L’Indépendant, 20 novembre 1990, par Serge Bonnery
À l’orée du silence
Il règne sur l’arrière-pays ligurien un silence monacal. À peine entend-on une cloche. Et le sifflement qui donne au vent ses notes méditerranéennes. C’est ici, autour de cette falaise peuplée d’ombres à l’heure violette, que Francesco Biamonti situe son roman L’Ange d’Avrigue.
L’histoire est celle de Gregorio, un marin rongé par l’angoisse des traversées, et qui attend. À Avrigue, tout d’ailleurs est attente. Et mort. La mort brutale d’un jeune garçon, Jean-Pierre, retrouvé au pied de la falaise. Ne dirait-on point qu’il dort ? Mais c’est la drogue qui l’a tué. Ou autre chose.

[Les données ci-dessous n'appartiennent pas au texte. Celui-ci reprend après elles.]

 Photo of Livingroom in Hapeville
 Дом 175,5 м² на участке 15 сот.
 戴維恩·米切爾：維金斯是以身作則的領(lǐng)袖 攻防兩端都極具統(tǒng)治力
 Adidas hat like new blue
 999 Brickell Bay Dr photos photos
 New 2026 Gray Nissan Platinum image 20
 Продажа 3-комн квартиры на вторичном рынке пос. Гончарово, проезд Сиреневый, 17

Gregorio cherche plus à comprendre qu’à connaître le pourquoi de cette mort. Il devient le regard des autres. Qu’il pose sur chaque signe d’un lent glissement vers le rien. Un jour, à force de marches, les paysages d’Avrigue se confondent. Les visages. Et les mots de ceux qui disent encore. Ou simplement parlent. En attendant.

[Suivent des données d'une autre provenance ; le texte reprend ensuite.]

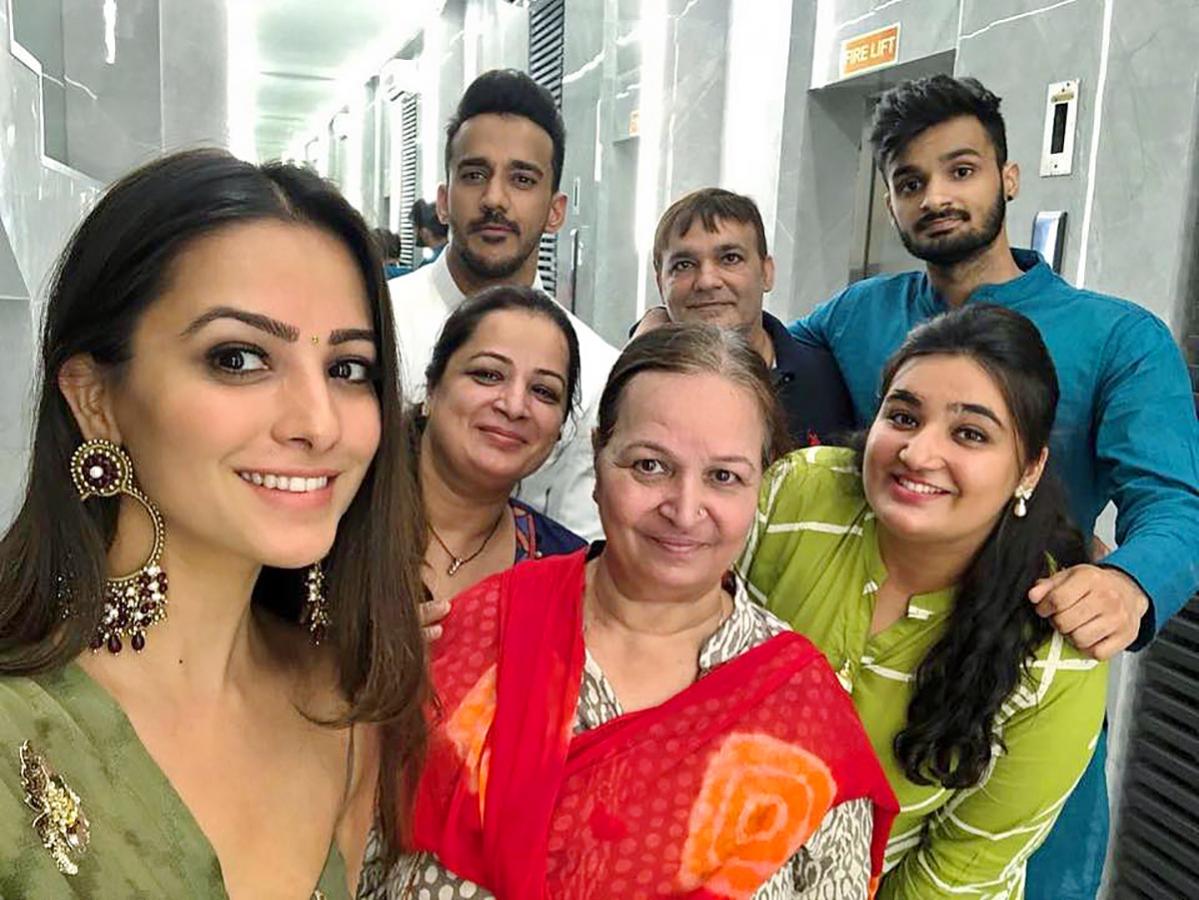 Nuvvu_20Nenu_20Movie_20Actress_20Anitha_20With_20Family-8.jpg 8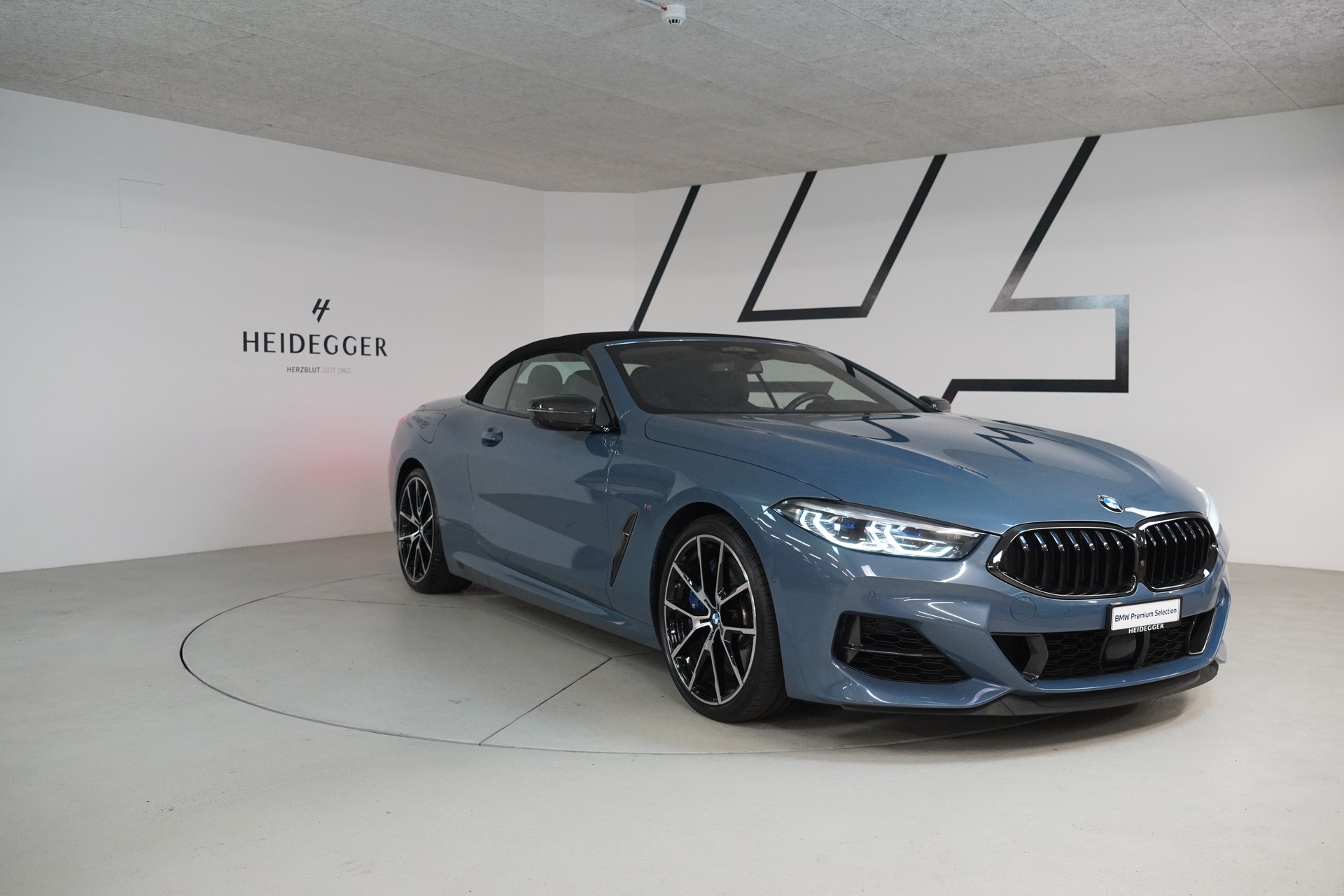 BMW M850i xDrive Steptronic-image-2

L’Ange d’Avrigue est un long poème. Dans la lignée des Montale et Caproni ce roman se situe à l’orée du silence. Tout de confidences murmurées. De gestes ébauchés, avec pudeur, par des personnages que la mort saisit au vif.

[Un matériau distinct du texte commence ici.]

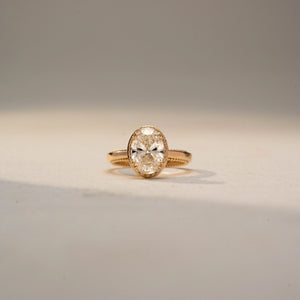 Premium Oval Halo Sparkle Ring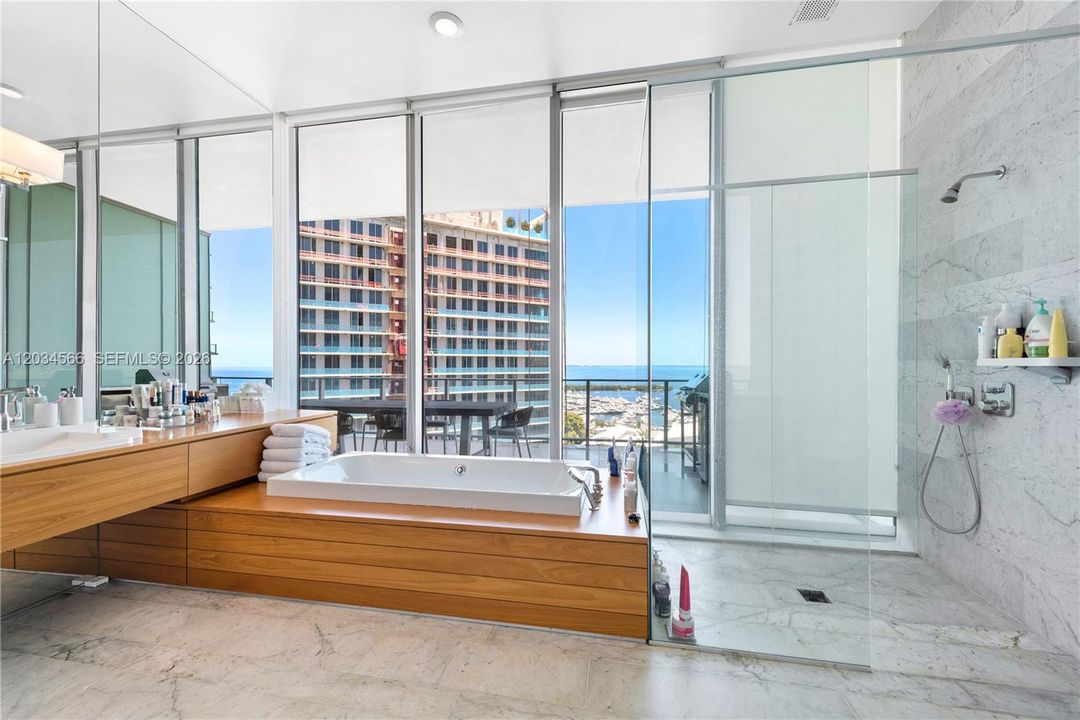For Sale: $9,390,000 (6 beds, 6 baths, 5332 Square Feet)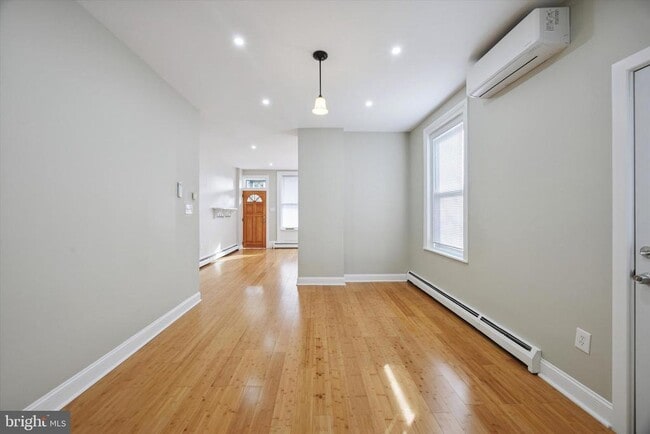 Photo - 606 Vernon St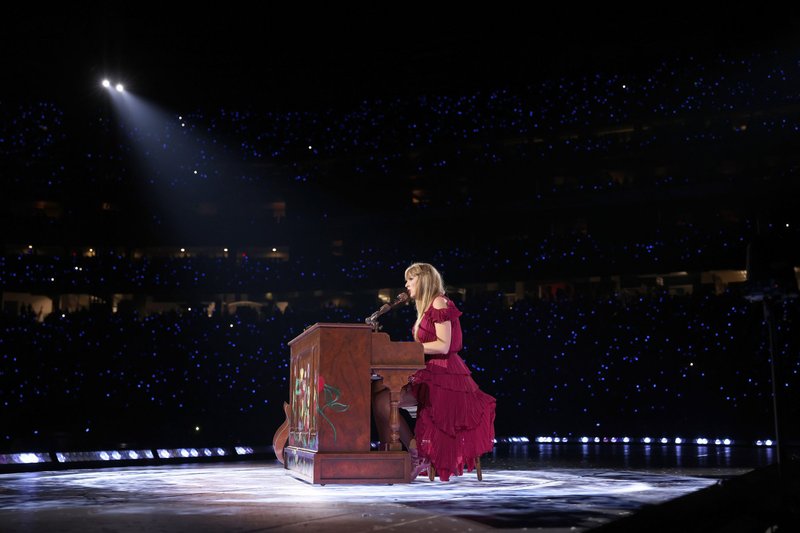 Taylor Swift — March 17 - Glendale, Arizona — photo 142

« Le soir, ils allèrent dîner à Poggioscuro, sur le contrefort qui barre, au Nord, le val Creuse. Poggioscuro, village perché, n’est pas abrité et murmure sans cesse dans le vent du soir. L’auberge est un peu à l’écart, dans un bosquet de chênes verts qu’ils parcoururent à pied. » Le roman de Francesco Biamonti est un chant de la terre, dernière demeure de ceux qui n’ont plus rien.